Die Strommärkte befinden sich im Umbruch. Deutschland, die EU und die Welt arbeiten an Strategien zur Klimaanpassung und -finanzierung. In Europa und den USA wird gewählt. Wer gewinnt, bestimmt in hohem Maße auch über den Klimaschutz.

02.01.2024 – Ein turbulentes Jahr ist zu Ende gegangen. Das neue hält so einige Herausforderungen bereit. Am Anfang stehen Strommarktreform, ein wackelndes Klimaschutzgesetz, die Wiederherstellung der Ökosysteme und Ansätze zur Klimaanpassung und -finanzierung.
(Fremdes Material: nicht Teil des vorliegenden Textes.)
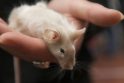 Virtualios žiurkės padės mokslininkams tirti ligas
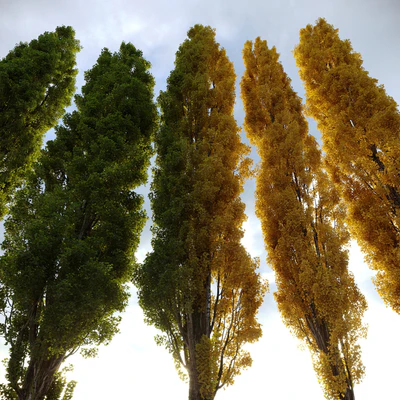 Тополь черный / Poplar / Populus nigra #3 — Вид 4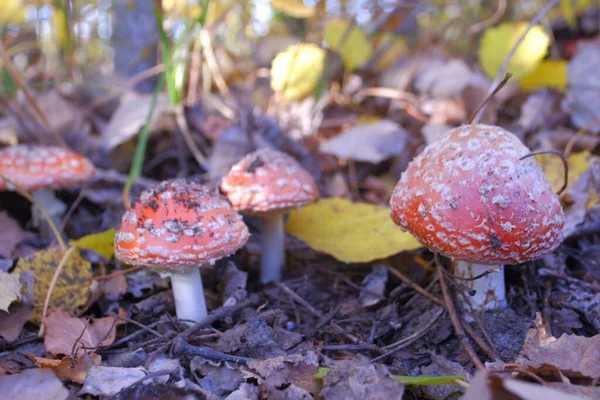 Red fly agaric in the autumn forest. Beautiful fly agaric. Amanita poisonous mushroom.
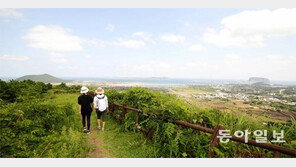 ‘놀멍 쉬멍 걸으멍’ 올레길, 몸과 마음 치유해줬네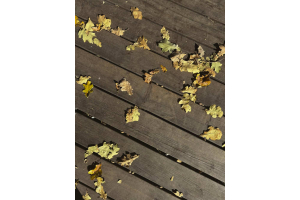 autumn leaves laying on a decking
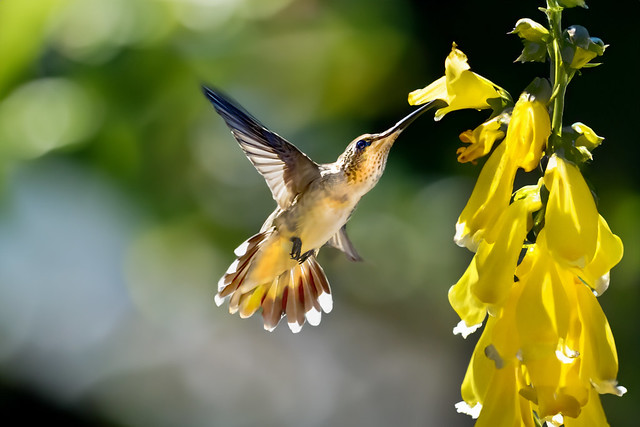 Time passes as fast as a hummingbird flutters...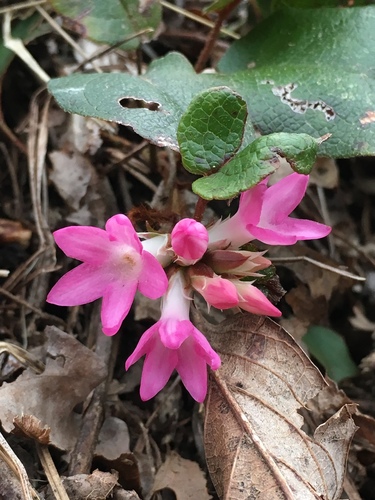 trailing arbutus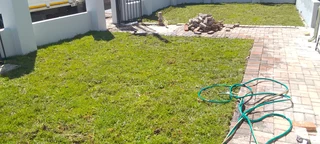 Roll on lawn Kikuyu grass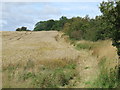 Public footpath near West Rainton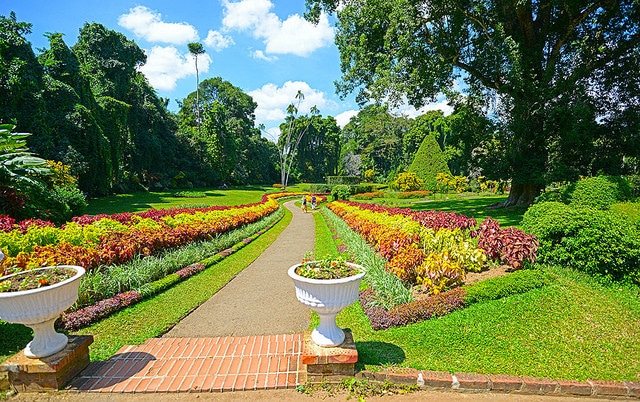 Royal Botanical Gardens in Paradeniya - Sri Lanka attractions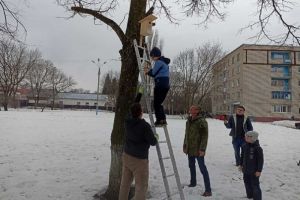 В Пензе выбрали лучший скворечник и бельчатник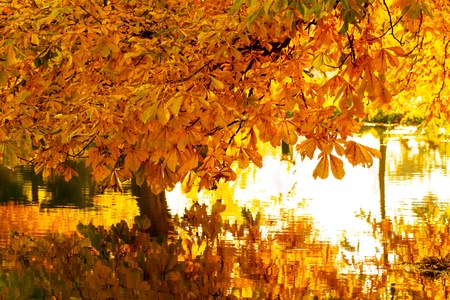 Beautiful colors of autumn landscape by the lakeの写真素材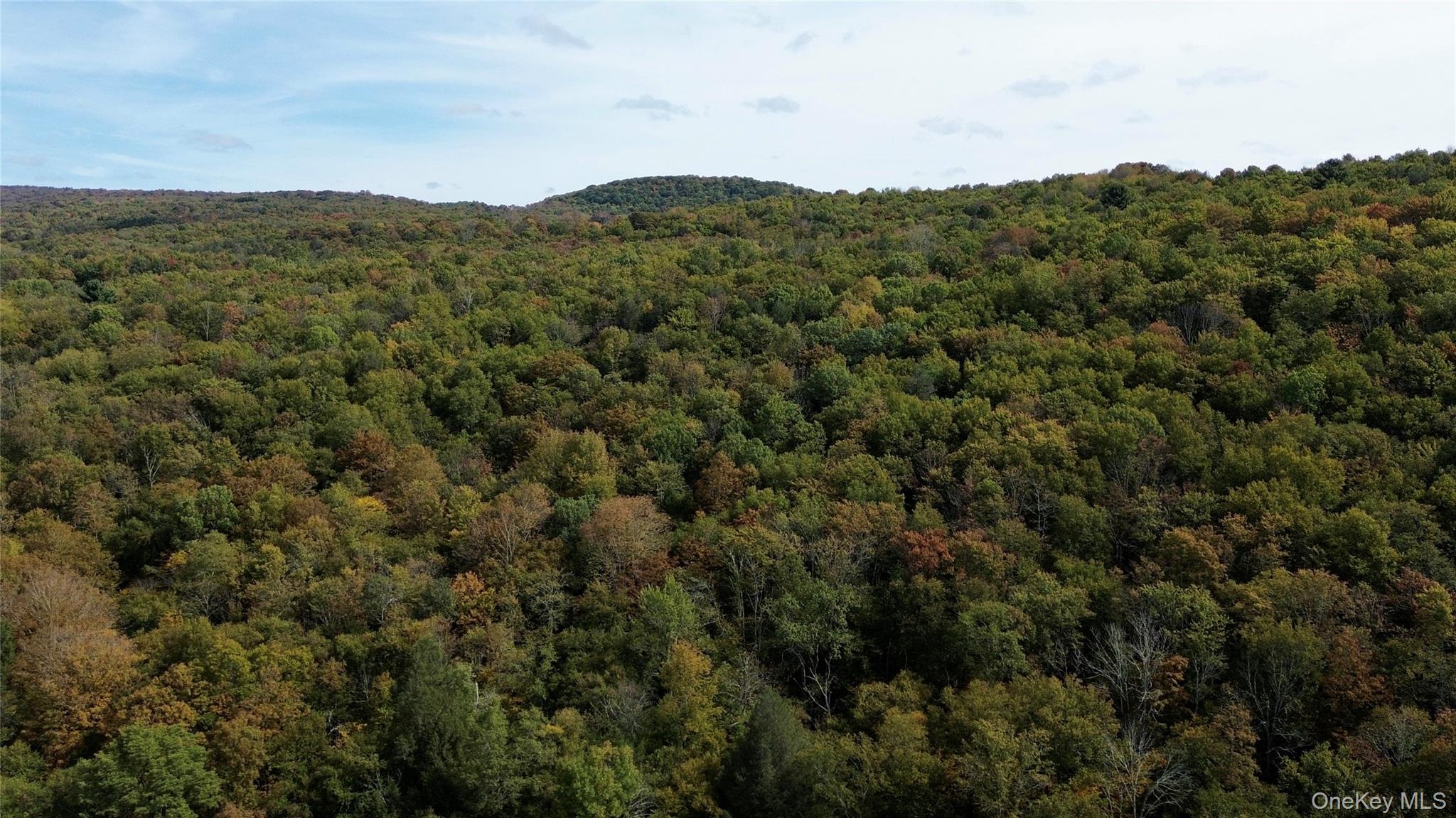 #4 photo, Shandelee Road, Youngsville , NY 12791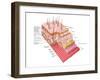 Anatomy of the Human Skin-Stocktrek Images-Framed Photographic Print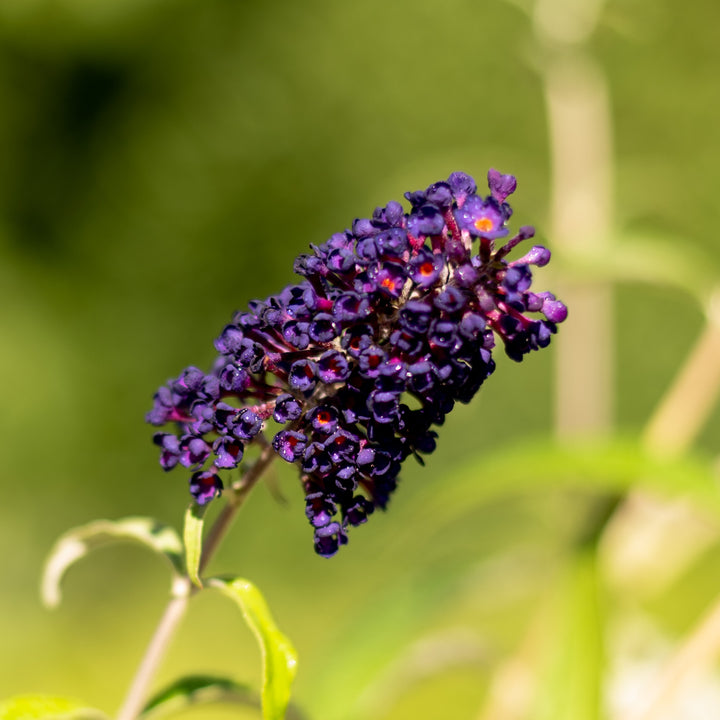 Blüte des Schmetterlingsflieders 'Black Knight'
Strommarktreform auf EU-Ebene und national

Die Regeln der Strommärkte passen nicht mehr recht für das neue Zeitalter mit viel Strom aus Erneuerbaren Energien in Stromsystem. Aber auch der russische Angriffskrieg gegen die Ukraine hat Schwachstellen im Strommarkt aufgezeigt. Den Strommarkt gegenüber Krisen resilienter machen und für den Ausbau der Erneuerbaren Energien optimieren – das ist das Anliegen der europäischen Strommarktreform. Ende letzten Jahres haben sich Rat und Parlament der Europäischen Union auf Elemente dafür geeinigt, die Anfang 2024 noch formal bestätigt werden müssen. Den Mitgliedsstaaten wird für die konkrete Ausgestaltung viel Freiraum gelassen.

In Deutschland wurde für die komplexe Aufgabe die Plattform Klimaneutrales Stromsystem etabliert, in der Akteure aus Politik, Wissenschaft, Wirtschaft und Zivilgesellschaft vertreten sind, um Optionen und konkrete Vorschläge zu entwickeln. Die Branchenvertreter lehnen verpflichtende Differenzverträge ab, wünschen sich eine Stärkung von Stromabnahmeverträgen (PPA) und die Fortführung der Förderung neuer Anlagen über das EEG. Alles scheint derzeit mit den europäischen Leitlinien vereinbar. Jedoch müssen auch Marktregeln geändert werden, zum Beispiel, um das Potenzial der flexiblen Stromnutzung zu heben. Damit kann und muss der Netzausbau geringer dimensioniert werden, er geht damit hoffentlich schneller und kostet nicht ganz so viel Geld.

Energiewende-Regionen von Netzentgelten entlasten

Auch die Netzentgelte könnten in diesem Jahr neuen Regeln unterworfen werden. Weil in den Bundesländern, in denen besonders viel Erneuerbare Erzeugungsanlagen gebaut werden, auch der Netzausbau mitziehen muss, tragen die Verbraucher dort oft auch höhere Netzentgelte. Die Bundesnetzagentur hat bereits einen Vorschlag zur gerechteren Verteilung gemacht.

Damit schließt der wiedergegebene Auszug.